Brussels - Waris Dirie, a Somali-born campaigner against female genital mutilation, turned up safe late Friday in Brussels after Belgian police mounted a search when she failed to show up to receive an award. Dirie, 43, a former fashion model who in 1997 was appointed a UN special ambassador against genital mutilation, had been missing since Wednesday.
Police in the Belgian capital reported that she turned up in good health, but there was no immediate explanation of her disappearance. Authorities had earlier voiced concern that she might have come to harm.
Belgian investigators plan to issue further details about the case on Saturday.

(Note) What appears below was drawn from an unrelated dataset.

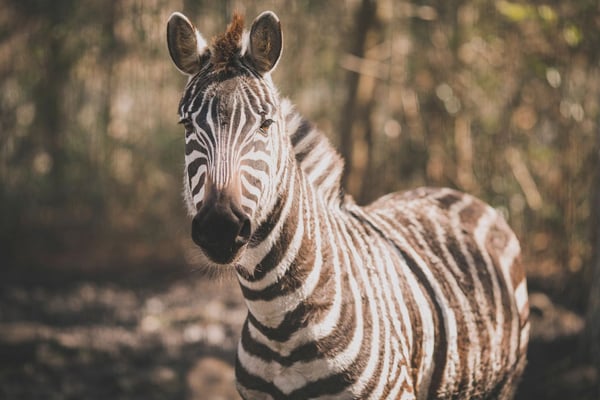 Lynwood Park Zoo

Dirie was last seen at 4 am Wednesday in Brussels, when she had an argument with hotel receptionists before leaving in a taxi. She later missed appointments with European Union and United Nations officials before failing to appear to accept the 2007 Martin Buber Badge at ceremonies Friday in Kerkrade, the Netherlands, on the German border.
Werner Janssen, president of Euriade, a cross-border association that administers the Martin Buber prize, said the argument at the hotel was evidently a result of her becoming lost and not being able to find the Brussels hotel where she was registered.
In March 2004, Dirie suffered minor injuries when a Portuguese stalker broke into her Vienna apartment building and confronted her. The attacker's obsession was apparently unrelated to her human-rights work.
Dirie's best-selling 1999 book, Desert Flower, described her early life in Somalia and the traditional practise of genital mutilation against girls, which she endured herself.